> _ACTION ITEM_:
Starting at the first line of the data below, write out each line exactly until you reach the line containing "Lounge or bar in Taj Wayanad Resort & Spa, Kerala Lounge", and include that line too.

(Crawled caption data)
.....

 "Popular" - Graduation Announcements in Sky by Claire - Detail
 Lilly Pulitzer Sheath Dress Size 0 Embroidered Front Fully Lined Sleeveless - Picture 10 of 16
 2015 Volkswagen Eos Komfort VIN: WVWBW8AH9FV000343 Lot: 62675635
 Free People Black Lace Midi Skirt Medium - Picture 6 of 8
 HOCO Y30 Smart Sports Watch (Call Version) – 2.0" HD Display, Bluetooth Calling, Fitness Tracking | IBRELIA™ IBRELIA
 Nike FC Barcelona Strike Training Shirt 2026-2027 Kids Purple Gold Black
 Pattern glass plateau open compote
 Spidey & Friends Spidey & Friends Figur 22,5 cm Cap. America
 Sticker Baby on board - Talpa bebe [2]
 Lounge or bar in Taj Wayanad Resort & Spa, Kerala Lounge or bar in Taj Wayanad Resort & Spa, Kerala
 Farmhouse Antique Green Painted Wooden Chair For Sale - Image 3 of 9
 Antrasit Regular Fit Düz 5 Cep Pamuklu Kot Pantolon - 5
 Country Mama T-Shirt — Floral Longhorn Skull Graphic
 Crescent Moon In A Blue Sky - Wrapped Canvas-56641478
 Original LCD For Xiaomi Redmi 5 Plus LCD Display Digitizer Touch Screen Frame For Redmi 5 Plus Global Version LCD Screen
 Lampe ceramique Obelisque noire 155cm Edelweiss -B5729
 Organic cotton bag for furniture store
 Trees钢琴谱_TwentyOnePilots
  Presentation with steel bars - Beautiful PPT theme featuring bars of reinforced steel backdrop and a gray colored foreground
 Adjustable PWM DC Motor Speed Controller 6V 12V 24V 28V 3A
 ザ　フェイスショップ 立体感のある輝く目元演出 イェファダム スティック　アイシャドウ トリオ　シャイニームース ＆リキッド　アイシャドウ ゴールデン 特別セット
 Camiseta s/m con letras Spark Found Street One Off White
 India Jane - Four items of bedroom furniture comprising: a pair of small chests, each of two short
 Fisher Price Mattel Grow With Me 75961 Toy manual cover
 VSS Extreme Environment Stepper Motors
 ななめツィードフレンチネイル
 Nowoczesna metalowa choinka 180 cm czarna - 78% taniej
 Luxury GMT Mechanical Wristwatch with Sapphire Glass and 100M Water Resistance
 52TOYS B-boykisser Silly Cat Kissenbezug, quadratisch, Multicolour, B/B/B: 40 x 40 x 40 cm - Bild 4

.....

> _EXPECTED OUTPUT_:
 "Popular" - Graduation Announcements in Sky by Claire - Detail
 Lilly Pulitzer Sheath Dress Size 0 Embroidered Front Fully Lined Sleeveless - Picture 10 of 16
 2015 Volkswagen Eos Komfort VIN: WVWBW8AH9FV000343 Lot: 62675635
 Free People Black Lace Midi Skirt Medium - Picture 6 of 8
 HOCO Y30 Smart Sports Watch (Call Version) – 2.0" HD Display, Bluetooth Calling, Fitness Tracking | IBRELIA™ IBRELIA
 Nike FC Barcelona Strike Training Shirt 2026-2027 Kids Purple Gold Black
 Pattern glass plateau open compote
 Spidey & Friends Spidey & Friends Figur 22,5 cm Cap. America
 Sticker Baby on board - Talpa bebe [2]
 Lounge or bar in Taj Wayanad Resort & Spa, Kerala Lounge or bar in Taj Wayanad Resort & Spa, Kerala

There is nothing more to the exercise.